==== DATA TO EXAMINE

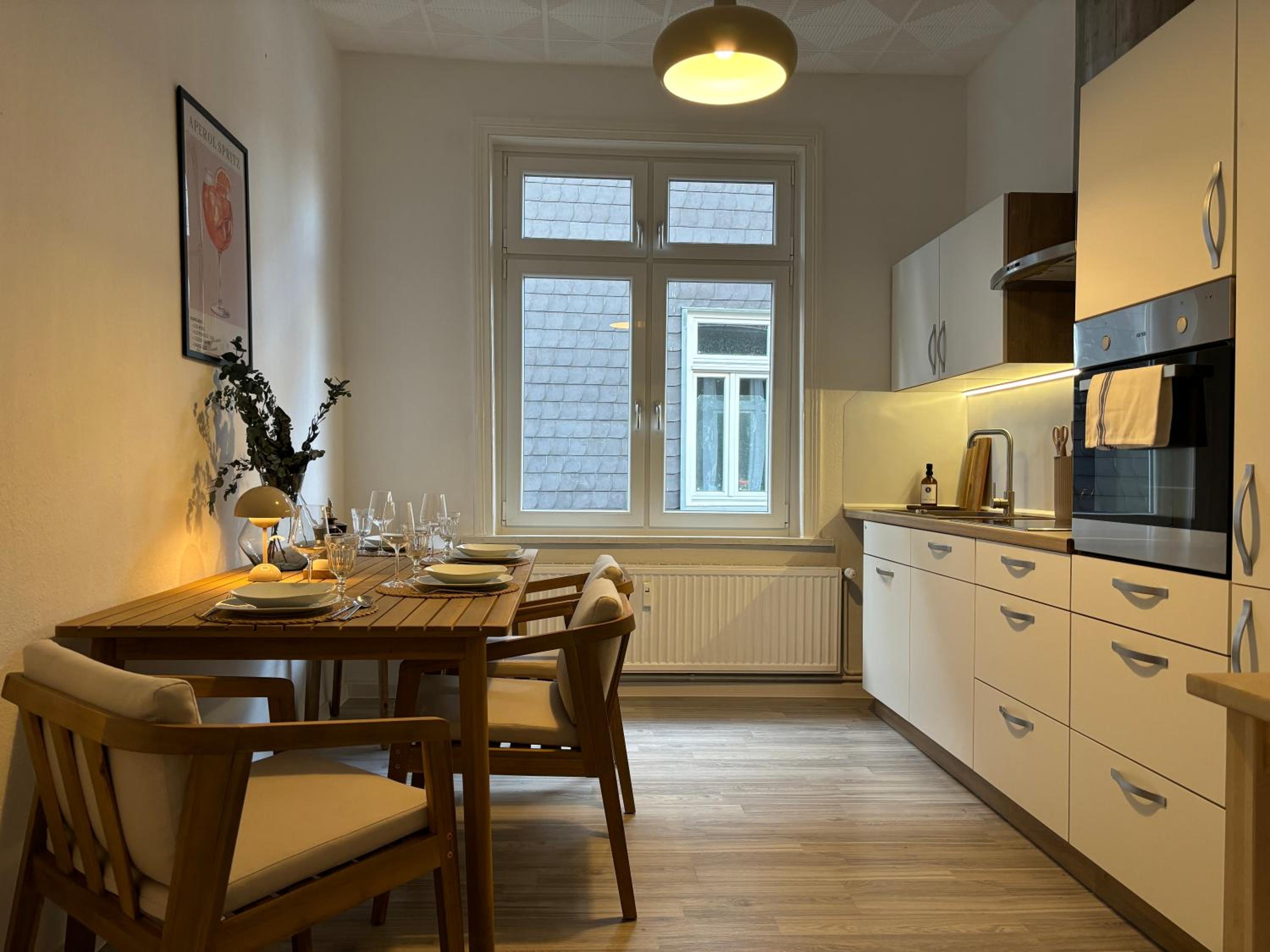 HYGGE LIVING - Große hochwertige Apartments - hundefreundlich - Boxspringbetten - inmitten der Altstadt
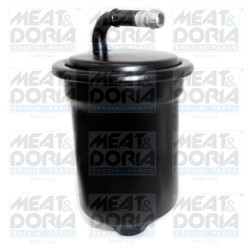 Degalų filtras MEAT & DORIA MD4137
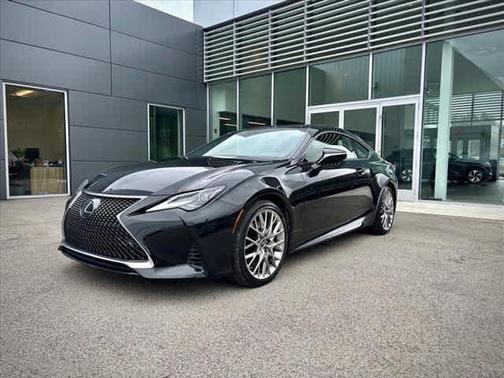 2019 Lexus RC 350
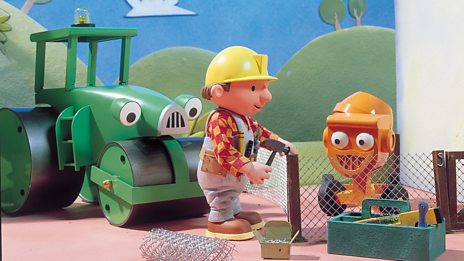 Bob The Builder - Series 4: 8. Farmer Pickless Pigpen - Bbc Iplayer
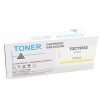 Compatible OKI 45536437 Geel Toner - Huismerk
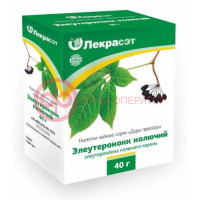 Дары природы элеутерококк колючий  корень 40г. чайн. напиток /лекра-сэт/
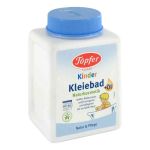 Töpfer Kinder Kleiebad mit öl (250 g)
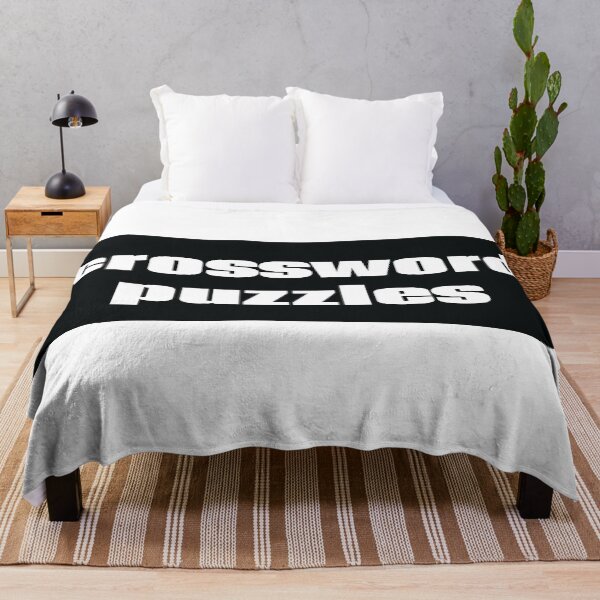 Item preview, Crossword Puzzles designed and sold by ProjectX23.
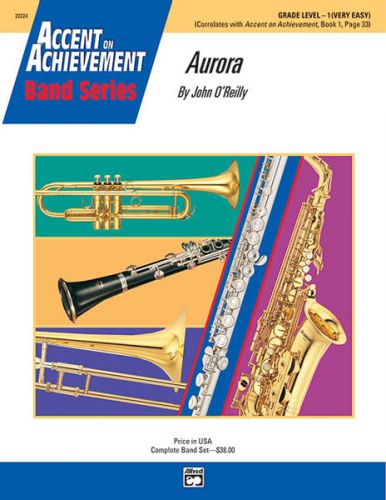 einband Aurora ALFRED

========

WHAT YOU NEED TO DO: Omit every picture, then repeat the remaining data exactly as it appears above.

EXERCISE RESPONSE:
 HYGGE LIVING - Große hochwertige Apartments - hundefreundlich - Boxspringbetten - inmitten der Altstadt
 Degalų filtras MEAT & DORIA MD4137
 2019 Lexus RC 350
 Bob The Builder - Series 4: 8. Farmer Pickless Pigpen - Bbc Iplayer
 Compatible OKI 45536437 Geel Toner - Huismerk
 Дары природы элеутерококк колючий  корень 40г. чайн. напиток /лекра-сэт/
 Töpfer Kinder Kleiebad mit öl (250 g)
 Item preview, Crossword Puzzles designed and sold by ProjectX23.
 einband Aurora ALFRED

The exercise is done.